Cinq ans et demi après sa mort, la plupart des films dans
lesquels a joué Brittany Murphy ont déjà (et ce de façon plus ou moins méritée)
disparu dans les limbes de l’oubli. Dans une filmographie qui voit
essentiellement alterner le navet (Pour
le meilleur et pour le rire, Ecarts
de conduite) et le nanar (The
Prophecy II, Fugue), il y a
malgré tout quelques films à sauver. Ainsi, à défaut d’avoir marqué l’histoire
du cinéma, la comédie Uptown Girls dont elle tient la vedette n’est pas complètement indigne. Le drame
choral The Dead Girl non plus.
Quand on la retrouve
dans des productions de meilleure facture, c’est souvent dans des rôles très secondaires. Ainsi, si le road-movie trash Freeway
vaut le détour, on n’y aperçoit Brittany Murphy que durant deux petites scènes
(elle joue une détenue lesbienne et héroïnomane). De la même façon, dans Sin City (film acclamé par la critique
s’il en est), son personnage émouvant de serveuse au cœur d’artichaut n’est pas
vraiment développé par le scénario, et ce sont Mickey Rourke, Bruce Willis,
Rosario Dawson, Clive Owen ou encore Jessica Alba qui se taillent la part du
lion.

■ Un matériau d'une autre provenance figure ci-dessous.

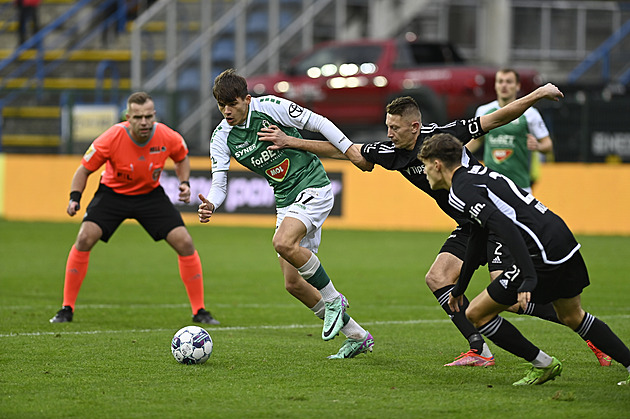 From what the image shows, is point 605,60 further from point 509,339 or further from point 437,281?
point 509,339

Même chose avec Une vie volée,
où Brittany Murphy s’efface derrière Winona Ryder et Angelina Jolie, pas aidée,
de surcroît, par le suicide de son personnage au milieu du film. Enfin, dans Happy Feet, son plus gros succès public,
son visage n’apparaît pas une seconde : il s’agit d’un film d’animation
dont les personnages sont des manchots chanteurs, et Brittany, tout comme ses
partenaires (Robin Williams, Elijah Wood ou Nicole Kidman), se cantonne au
doublage.
Dès lors, ne restent qu’une poignée de rôles suffisamment
développés pour tenter de dresser un portrait de l’actrice. J’en ai choisi
cinq, qui montrent, chacun à leur façon, cinq facettes différentes du jeu de
Brittany Murphy. Les voici présentés par ordre chronologique.
Clueless (1995,
Amy Heckerling)
Avec son esthétique années 90 devenue très rapidement mortellement
ringarde, il n’est pas évident pour quiconque ne l’a jamais vu de se dire que
ce film fut en son temps un véritable objet de culte (encore aujourd’hui adoré
par une génération entière d’adolescentes devenues trentenaires). Reprenant
vaguement l’argument d’un roman de Jane Austen (Emma) et l’adaptant façon teen-movie,
Clueless raconte le quotidien d’une richissime adolescente, Cher, déterminée à améliorer
le quotidien de ses proches, mais qui en oublie parfois son propre bonheur.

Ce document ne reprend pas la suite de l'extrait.